| What the exercise asks |
Write out again, unchanged, the line that has "901 S Westgate Road, Des Plaines, IL 60016" and each following line through the end of the entries below; leave pictures out.

(Beginning of Data records)

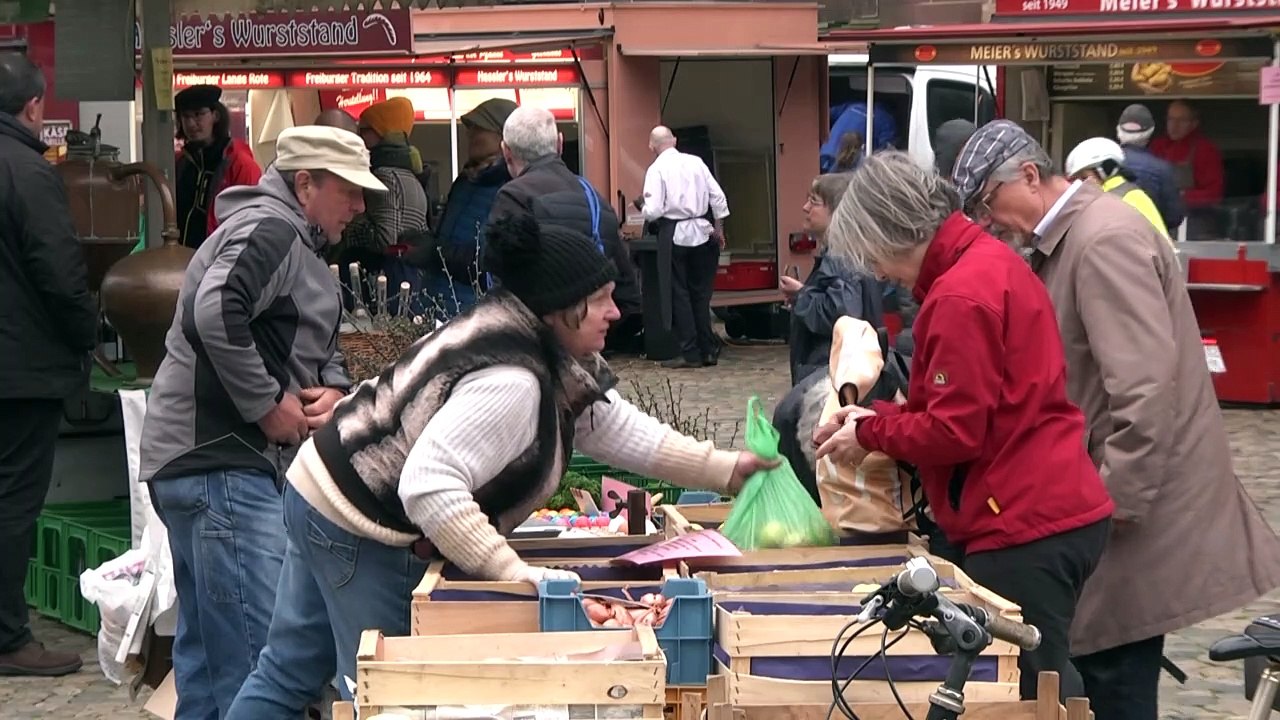 'Betretungsverbot' in Freiburg: Markttreiben und leere Straßen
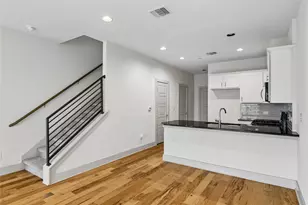 2101 Town Centre Dr, Round Rock, TX 78664 - Photo 13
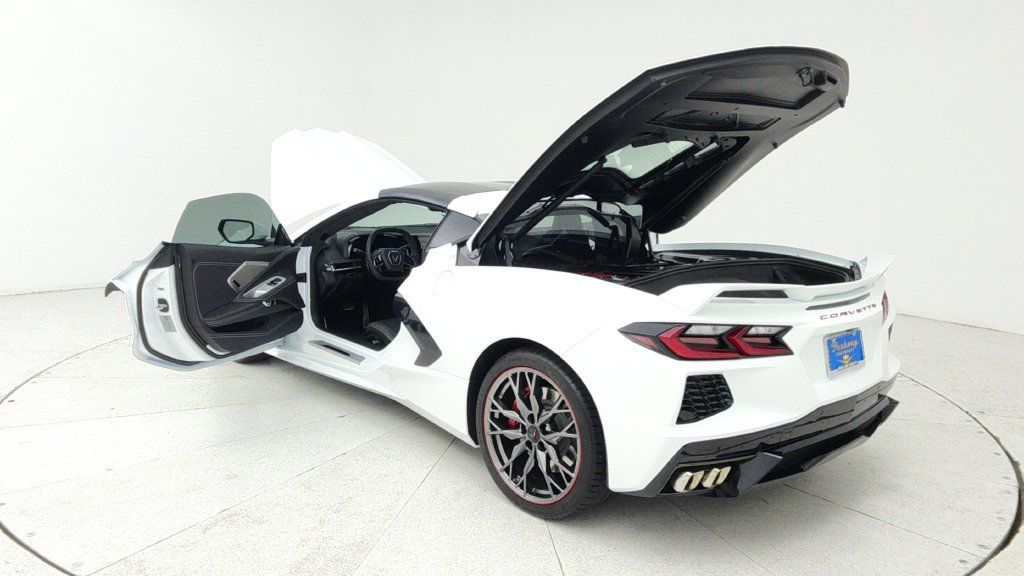 Used 2024 Chevrolet Corvette Stingray Premium Cpe w/ Z51 Performance Package RWD image 11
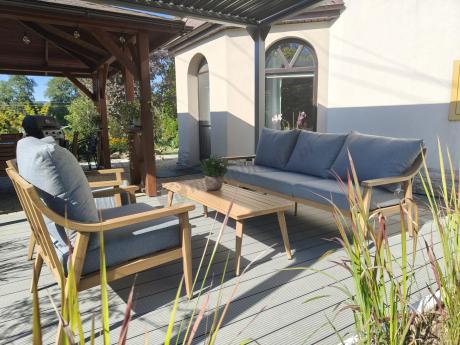 Aluminiowy zestaw mebli ogrodowych, kolor drewniany, szare poduszki dla 5 osób z sofą 200cm - Else Set - Grey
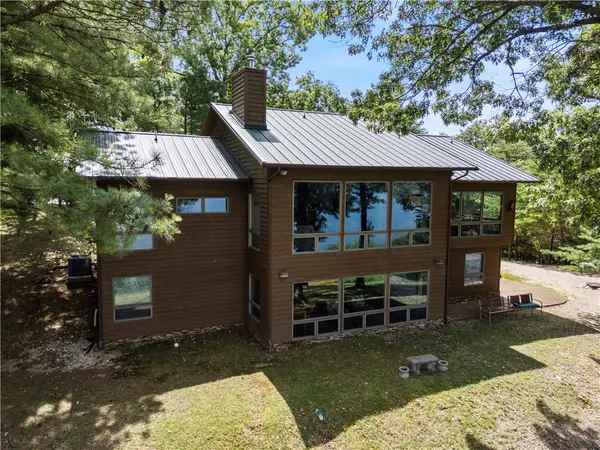 188 Point Mirage Road, Eureka Springs, AR 72631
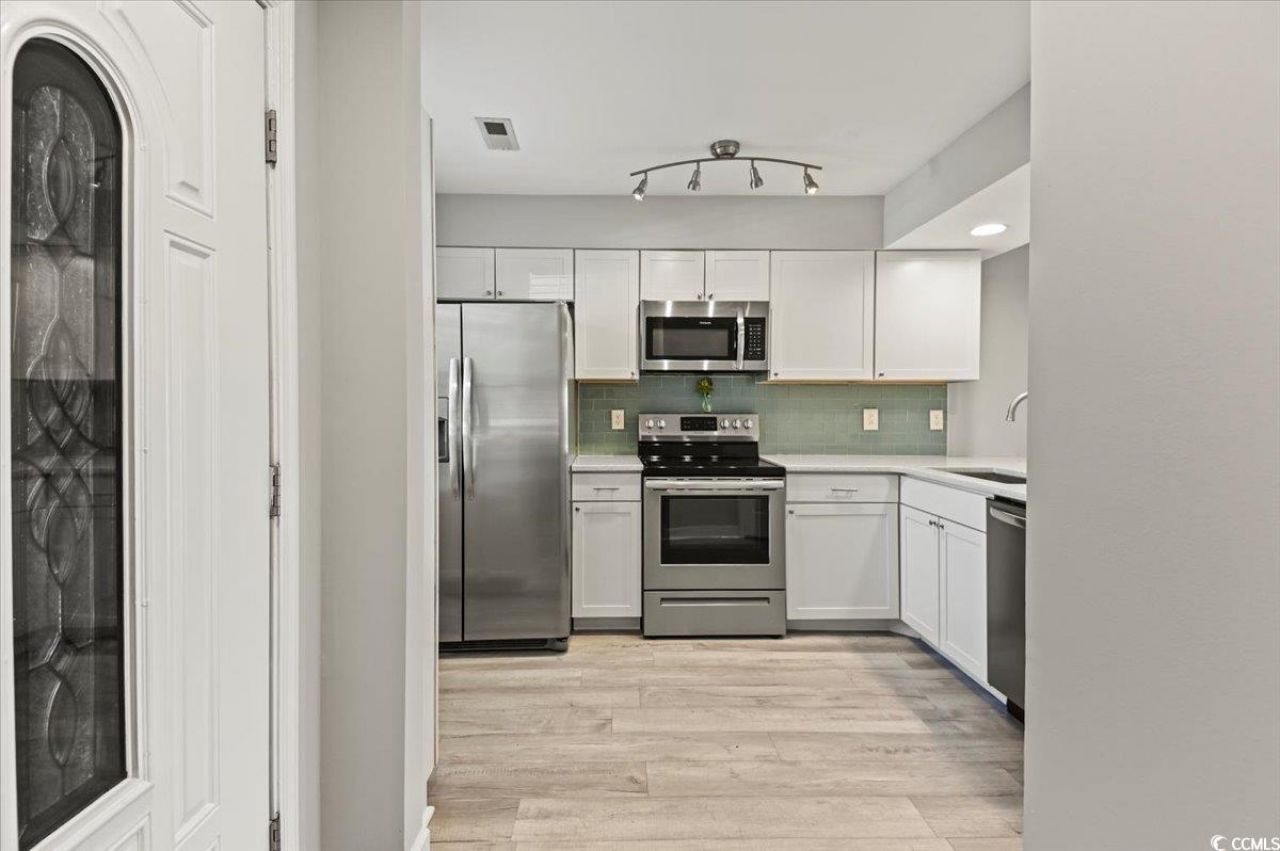 914 Hillside Dr. S Photo 4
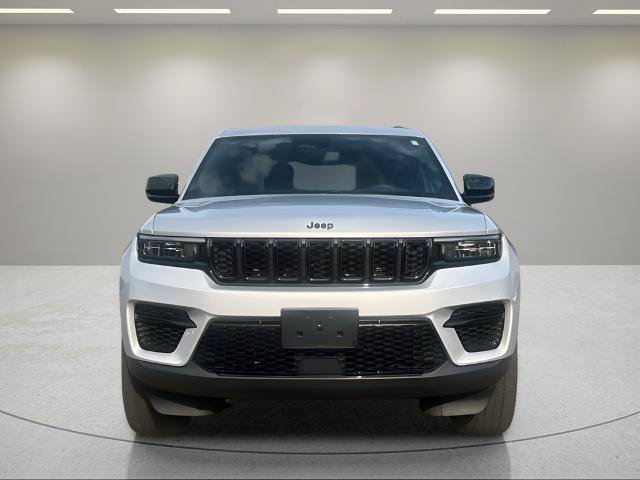 Used 2023 Jeep Grand Cherokee Altitude AWD/4WD image 2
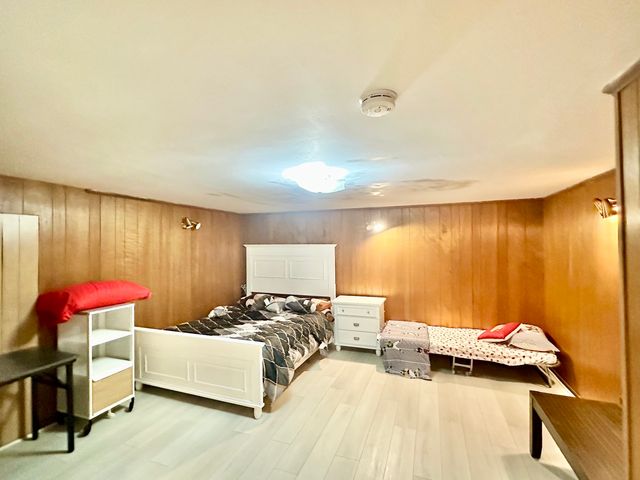 901 S Westgate Road, Des Plaines, IL 60016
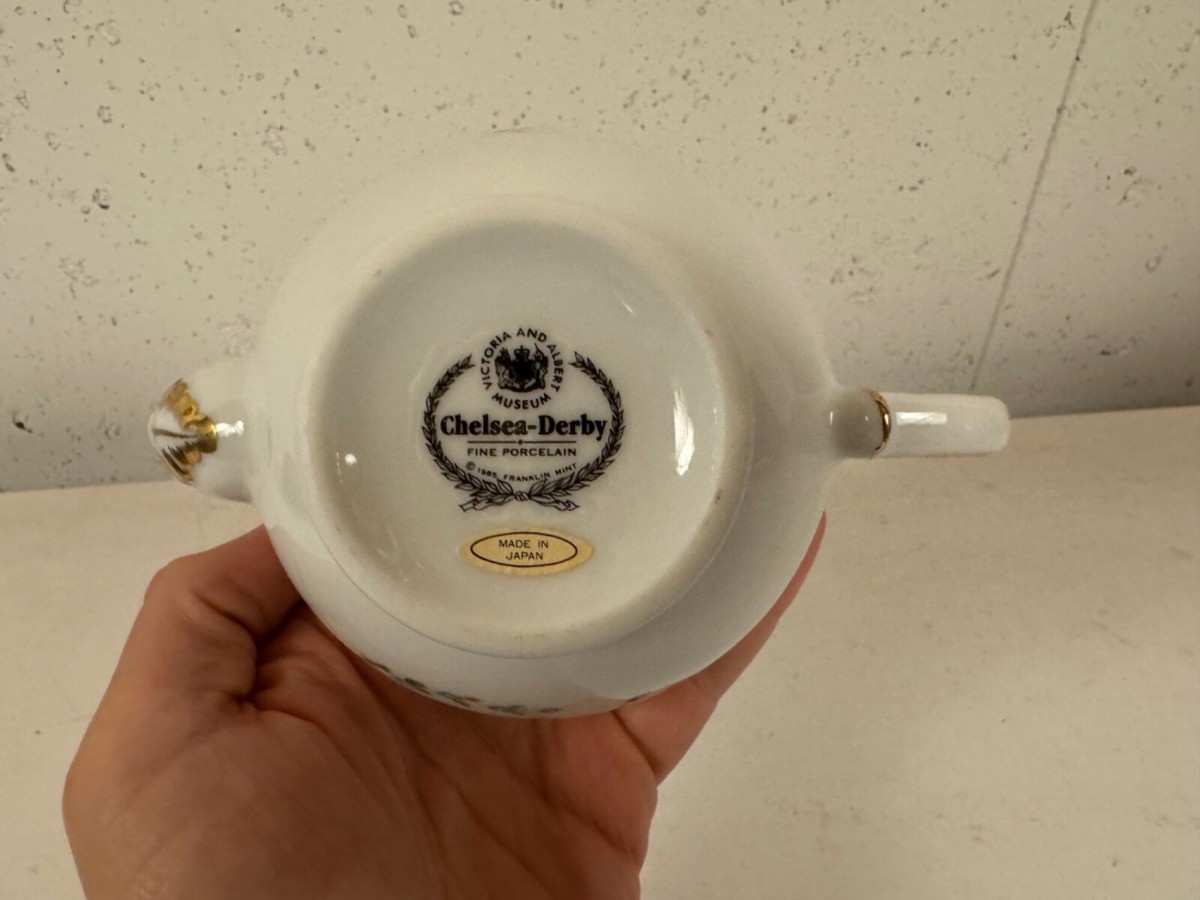 1985 Victoria & Albert Museum Franklin Mint Porcelain Chelsea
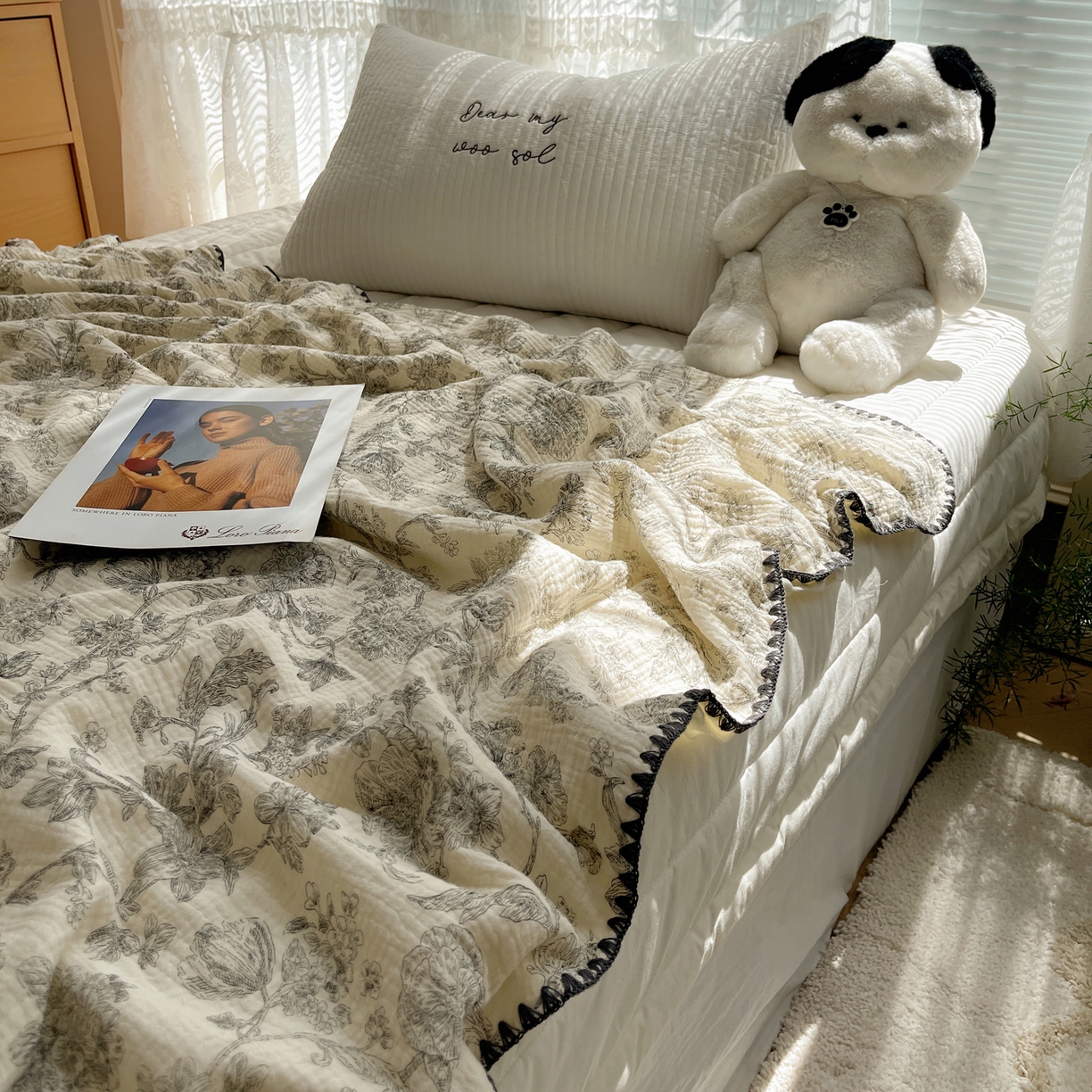 91家纺网 家纺一手货源 找家纺 三朵家纺 2025新款全棉纯棉绉绉纱+宝宝绒多功能毯盖毯毯子 罗曼花园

(End of Data records)

| Answer section |
 901 S Westgate Road, Des Plaines, IL 60016
 1985 Victoria & Albert Museum Franklin Mint Porcelain Chelsea
 91家纺网 家纺一手货源 找家纺 三朵家纺 2025新款全棉纯棉绉绉纱+宝宝绒多功能毯盖毯毯子 罗曼花园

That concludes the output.